=== PROBLEM ===
Write the line that contains "홍진경의 영화로운 덕후생활" and each one after it, word for word, ending with the final line of the data.

=== TASK INPUT ===
□ □ □ □ □ □ □

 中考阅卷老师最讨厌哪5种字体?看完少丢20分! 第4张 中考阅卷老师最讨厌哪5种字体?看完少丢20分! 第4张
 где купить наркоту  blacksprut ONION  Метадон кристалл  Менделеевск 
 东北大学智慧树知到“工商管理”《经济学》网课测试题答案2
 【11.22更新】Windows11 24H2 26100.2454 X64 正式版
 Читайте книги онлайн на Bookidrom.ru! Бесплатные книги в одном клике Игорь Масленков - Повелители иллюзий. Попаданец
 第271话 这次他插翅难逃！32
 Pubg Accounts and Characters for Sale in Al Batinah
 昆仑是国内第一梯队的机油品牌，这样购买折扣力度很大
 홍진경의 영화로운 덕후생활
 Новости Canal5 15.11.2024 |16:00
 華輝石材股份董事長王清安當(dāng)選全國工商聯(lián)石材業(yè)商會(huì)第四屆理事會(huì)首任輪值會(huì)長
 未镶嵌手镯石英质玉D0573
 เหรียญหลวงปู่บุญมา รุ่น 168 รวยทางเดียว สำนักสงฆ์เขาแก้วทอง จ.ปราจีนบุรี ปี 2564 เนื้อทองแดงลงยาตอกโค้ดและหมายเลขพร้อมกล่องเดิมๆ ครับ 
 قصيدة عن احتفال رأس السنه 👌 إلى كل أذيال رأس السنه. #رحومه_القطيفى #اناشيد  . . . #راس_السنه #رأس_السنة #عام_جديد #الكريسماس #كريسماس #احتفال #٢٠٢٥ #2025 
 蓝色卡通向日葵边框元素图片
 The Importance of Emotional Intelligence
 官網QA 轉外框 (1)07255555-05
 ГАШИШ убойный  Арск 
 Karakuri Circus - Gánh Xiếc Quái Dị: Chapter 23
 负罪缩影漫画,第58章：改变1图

□ □ □ □ □ □ □

=== OUTPUT BELOW ===
 홍진경의 영화로운 덕후생활
 Новости Canal5 15.11.2024 |16:00
 華輝石材股份董事長王清安當(dāng)選全國工商聯(lián)石材業(yè)商會(huì)第四屆理事會(huì)首任輪值會(huì)長
 未镶嵌手镯石英质玉D0573
 เหรียญหลวงปู่บุญมา รุ่น 168 รวยทางเดียว สำนักสงฆ์เขาแก้วทอง จ.ปราจีนบุรี ปี 2564 เนื้อทองแดงลงยาตอกโค้ดและหมายเลขพร้อมกล่องเดิมๆ ครับ 
 قصيدة عن احتفال رأس السنه 👌 إلى كل أذيال رأس السنه. #رحومه_القطيفى #اناشيد  . . . #راس_السنه #رأس_السنة #عام_جديد #الكريسماس #كريسماس #احتفال #٢٠٢٥ #2025 
 蓝色卡通向日葵边框元素图片
 The Importance of Emotional Intelligence
 官網QA 轉外框 (1)07255555-05
 ГАШИШ убойный  Арск 
 Karakuri Circus - Gánh Xiếc Quái Dị: Chapter 23
 负罪缩影漫画,第58章：改变1图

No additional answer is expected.